November 30, 2022

Ruby Sales Talks About All Kinds of Things We Need to Hear

White Church, We Need to Hear All of This

That’s right, we need to hear all of this! We need to be inspired to build, at long last, an egalitarian, equitable society – free from the scourge of racism that has rotted the soul of America. We have a LOT of work to do, and now is the time to do it. In creating an equitable society for all ethnicities and all cultures, and all genders and all faiths, we will redeem our own souls, and actualize what Jesus died on the Cross for us to realize. For truly, unless we begin, as a society, to treat all people as we want to be treated, and thereby eliminate all outgroups, we will not be a moral society at all. And as scripture informs us, until we gather around a circle in love and equity down here, we will be neither eligible nor prepared to gather around a throne up there.

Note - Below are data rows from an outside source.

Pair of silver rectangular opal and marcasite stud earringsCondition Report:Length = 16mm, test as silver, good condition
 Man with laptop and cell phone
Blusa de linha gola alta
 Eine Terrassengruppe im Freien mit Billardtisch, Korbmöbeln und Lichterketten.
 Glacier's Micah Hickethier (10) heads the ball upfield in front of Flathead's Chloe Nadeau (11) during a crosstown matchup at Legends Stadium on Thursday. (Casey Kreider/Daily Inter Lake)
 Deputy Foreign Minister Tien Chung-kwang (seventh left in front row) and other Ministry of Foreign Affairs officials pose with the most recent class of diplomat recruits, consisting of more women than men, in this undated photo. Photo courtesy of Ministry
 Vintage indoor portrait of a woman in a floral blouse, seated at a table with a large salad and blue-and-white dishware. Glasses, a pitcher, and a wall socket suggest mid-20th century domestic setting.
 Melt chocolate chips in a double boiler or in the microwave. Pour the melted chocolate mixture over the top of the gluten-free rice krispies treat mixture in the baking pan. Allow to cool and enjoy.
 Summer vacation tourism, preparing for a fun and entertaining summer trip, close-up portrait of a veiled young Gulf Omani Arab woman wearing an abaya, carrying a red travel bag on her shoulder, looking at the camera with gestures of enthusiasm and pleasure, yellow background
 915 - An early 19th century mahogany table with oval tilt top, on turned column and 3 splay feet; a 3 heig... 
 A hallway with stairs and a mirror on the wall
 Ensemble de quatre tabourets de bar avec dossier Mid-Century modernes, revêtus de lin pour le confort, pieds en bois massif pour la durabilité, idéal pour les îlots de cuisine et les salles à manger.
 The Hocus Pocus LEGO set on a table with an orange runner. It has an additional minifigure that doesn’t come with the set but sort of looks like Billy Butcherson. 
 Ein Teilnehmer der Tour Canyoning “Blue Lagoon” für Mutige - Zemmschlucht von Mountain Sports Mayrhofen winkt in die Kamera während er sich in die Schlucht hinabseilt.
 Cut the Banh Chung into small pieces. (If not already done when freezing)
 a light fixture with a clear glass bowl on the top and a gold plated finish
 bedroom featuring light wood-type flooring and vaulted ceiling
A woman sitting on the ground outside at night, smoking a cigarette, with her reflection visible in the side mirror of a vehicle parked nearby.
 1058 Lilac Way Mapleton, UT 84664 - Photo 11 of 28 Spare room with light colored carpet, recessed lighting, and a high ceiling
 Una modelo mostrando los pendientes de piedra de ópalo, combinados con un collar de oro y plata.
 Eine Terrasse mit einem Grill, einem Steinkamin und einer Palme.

Ruby Sales Biography (from Wikipedia)

Ruby Sales was born in Jemison, Alabama, on July 8, 1948. After graduating from high school, Sales attended Tuskegee Institute where she became part of a community of civil rights activists.

In the summer of 1965, she left Tuskegee to work full-time as a voter registration organizer with the Student Nonviolent Coordinating Committee (SNCC). SNCC assigned her to Calhoun County, Alabama. Students in Fort Deposit, a small town in Lowndes County had asked SNCC for its support in a demonstration aimed at protesting the local store-owner’s treatment of their sharecropper parents, and the organization sent members from various counties to join their cause. Sales acknowledged that she and the others were scared, violence and intimidation in “Bloody Lowndes” had been well-documented. Sales was one of the thirty people who took part in the demonstration on August 14, 1965.

Many members of the group were arrested and taken to the county seat of Hayneville. After being jailed for six days, the group was suddenly released. No advance notice was given so there was no one available to pick the demonstrators up. She and a few others went to a nearby store to get something to drink. There she and group were threatened by a shotgun-wielding state highway department employee, Tom Coleman, who was also a volunteer county deputy. One of Sales’ fellow marchers, Jonathan Daniels, a white Episcopal seminarian, pushed her out of the way and took the shot meant for her, dying instantly. Daniels was a 1961 graduate of the Virginia Military Institute (VMI) and valedictorian of his class, and was studying at the Episcopal Theological School in Cambridge, Massachusetts (Schneider 1992; Eagles 2000; Ruane 2015).

Sales was so traumatized by Daniels’ murder that she nearly lost the ability to speak for the next seven months. Despite death threats made to her and her family, Sales resolved to testify at Tom Coleman’s trial. He was acquitted by a jury of 12 white men and said in a CBS television interview a year after the killings that he had no regrets, declaring: “I would shoot them both tomorrow”.

Continued Human Rights Work

Sales went on to attend the Episcopal Divinity School in Cambridge, Massachusetts, successor institution to the seminary Daniels had attended. She has worked as a human rights advocate in Washington, D.C., and across the south, and founded The Spirit House Project, a non-profit organization and inner-city mission dedicated to Daniels.